Read The Label Twice Before Buying Flavored Waters

If you're not a fan of plain water and often opt for a fun flavored variation to hit your hydration goals, there may be a stealth ingredient you didn't know you were getting: caffeine. Even if the bottle is labeled front and center with the word "caffeine," odds are you're not stopping to check for any indication that your water might contain a buzz when you're grabbing a quick thirst quencher from the refrigerated section of the store. A seemingly innocuous can of flavored Poland Spring or Perrier may be a caffeine offender.

You can keep an eye out for words that indicate the stimulant may be lurking, such as boost, energize, energy, pep, or power. Other clues can be found in the flavors; anything labeled as green tea, black tea, white tea, yerba mate, or a coffee infusion most likely contains caffeine. Some brands boast "natural caffeine" or "plant-based caffeine," but caffeine is caffeine.

If your goal is hydration, caffeine may be a counterintuitive choice if you're consuming the water beverage in larger amounts. Caffeine has a diuretic effect by encouraging blood flow to your kidneys and increasing your urine output. One can or bottle of flavored water with added caffeine can easily contain around 125 milligrams of the stimulant. For reference, an 8-ounce cup of coffee has 96 milligrams, and the recommended maximum daily amount of caffeine consumption for adults is 400 milligrams, per Healthline. If you're popping a few cans a day, that can quickly add up.

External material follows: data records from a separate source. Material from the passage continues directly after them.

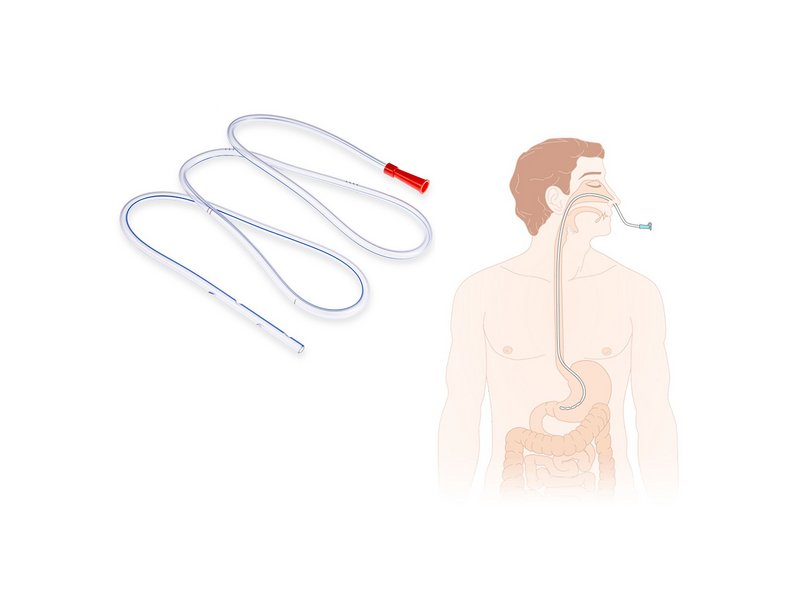 Зонд шлунковий «MEDICARE», розмір Fr 18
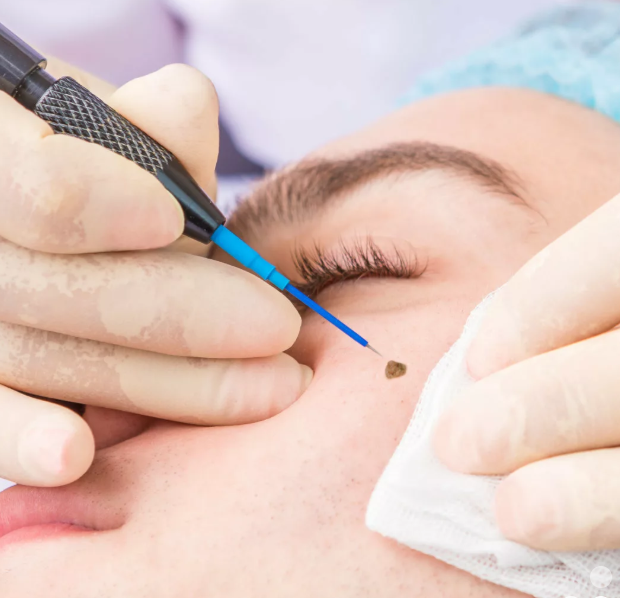 Professional wart removal in Lahore at DASC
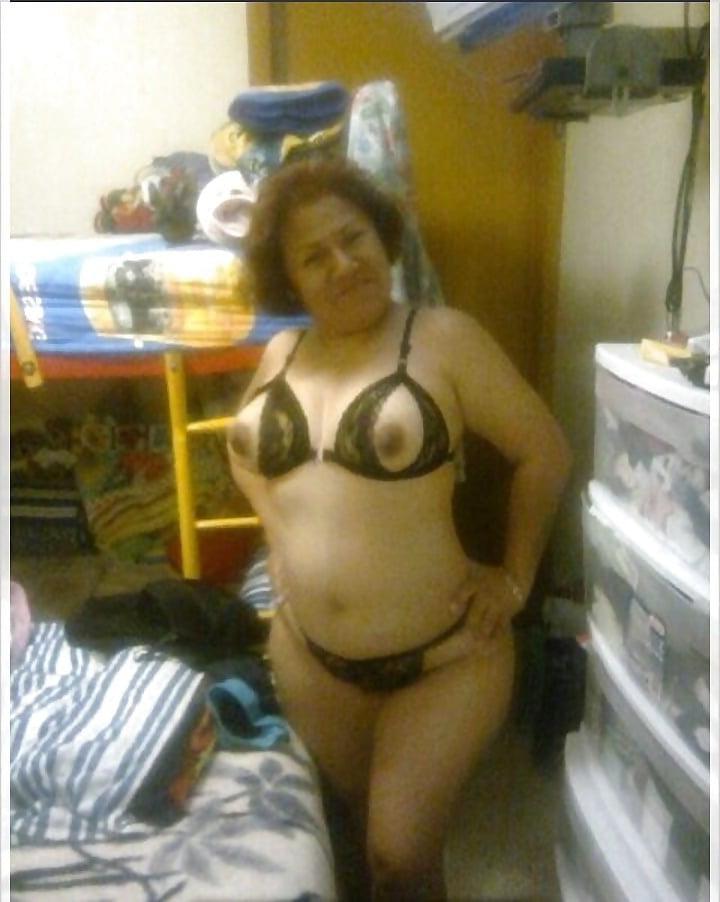 10P Gorda madura con celulitis
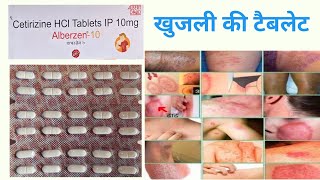 cetirizine tablet use in hindi  खुजली की सबसे अच्छी टैबलेट गारंटी से आराम मात्र दो दिन में [upl. by Kakalina]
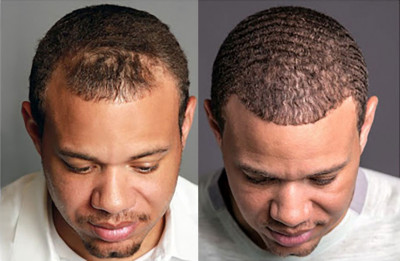 Hair transplant in Islamabad: 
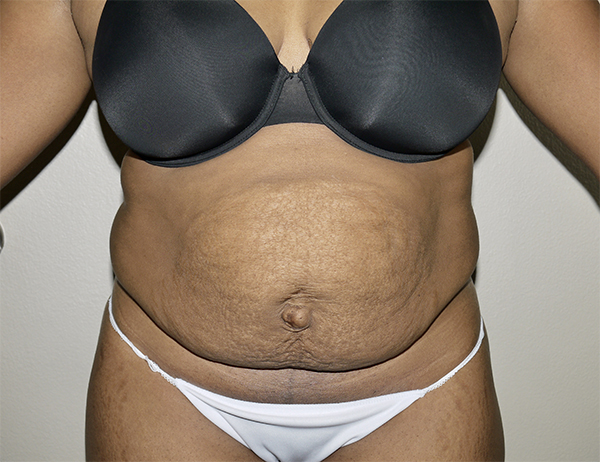 Before Image: Abdominoplasty - front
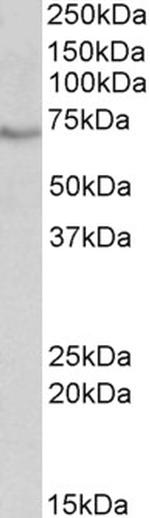 cIAP2 Antibody in Western Blot (WB)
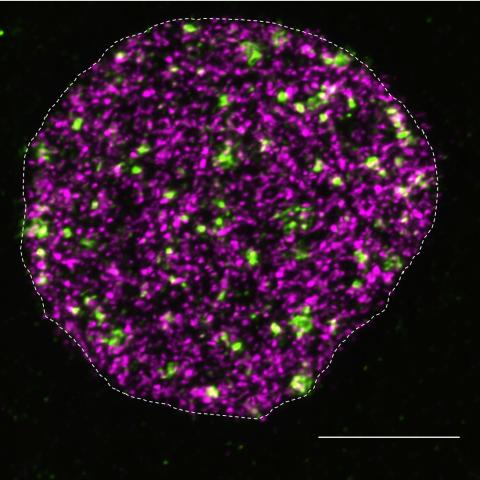 DNA breakage and synthesis in the cell nucleus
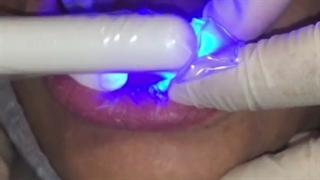 لامینیتهای سرامیکی ips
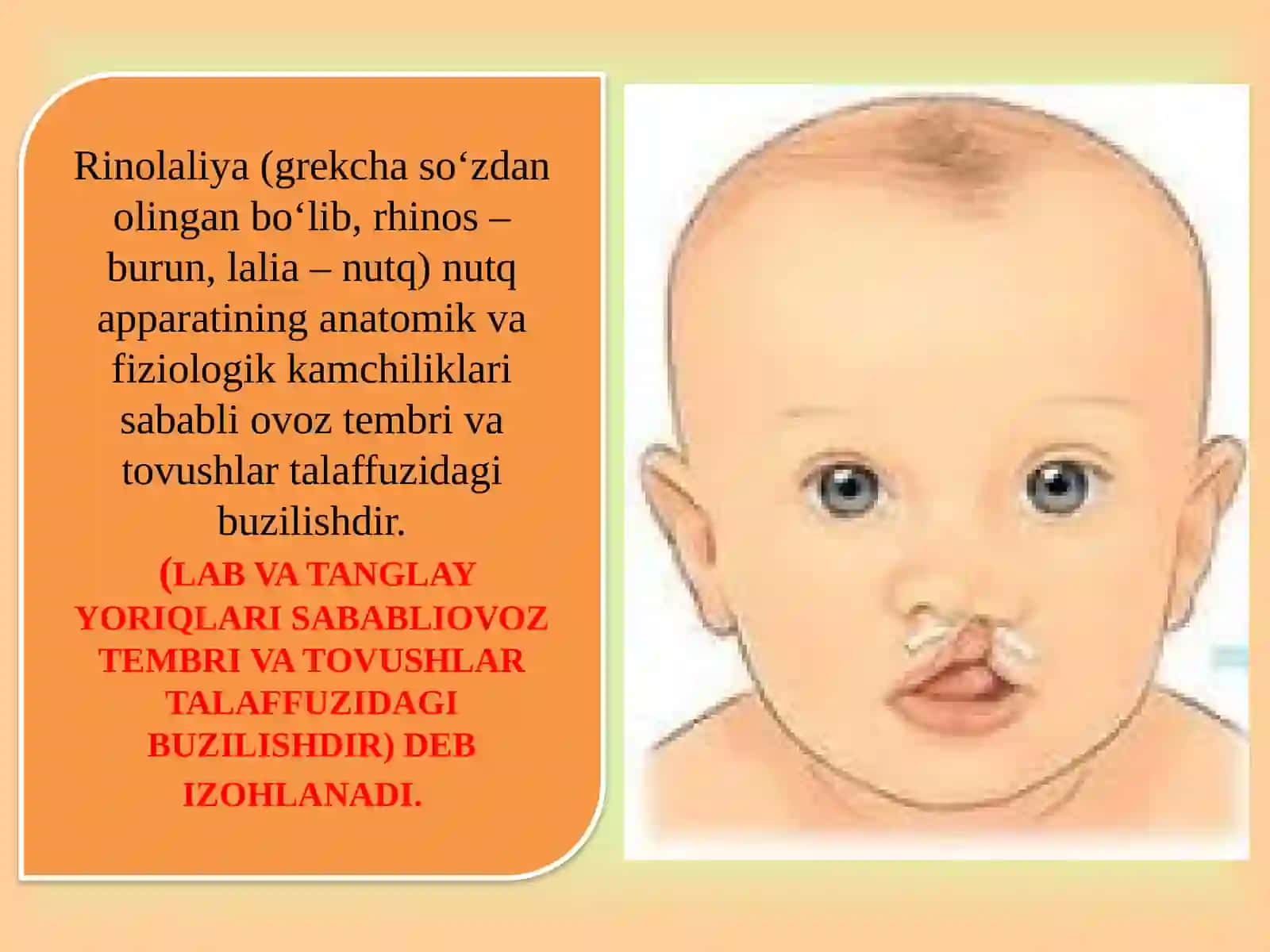 Rinolaliya, uning shakllari, sabablari 2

Other additives to look out for in flavored water

Being a label sleuth for caffeine also offers some other benefits. That flavored water may contain other additives you choose to avoid for various reasons. Sugar is a common culprit that puts the flavor in flavor. If it's labeled "sugar-free" or "zero added sugar," it may still contain artificial sweeteners such as stevia, aspartame, or sucralose. Some brands contain citric acid, which is often derived from corn and can be an issue for people with an allergy or sensitivity to it. Some products may have added food dyes or colorings. On the other hand, they might contain ingredients you are seeking out, such as electrolytes, ginseng extract, or B vitamins.

While it's a suitable alternative for non-coffee lovers who still want a boost in the morning, or those looking to hydrate while also gaining energy, flavored water with caffeine is best left as a consumer-driven decision and not a hidden component. Doing your due diligence and reading the label lets you know exactly what you're getting.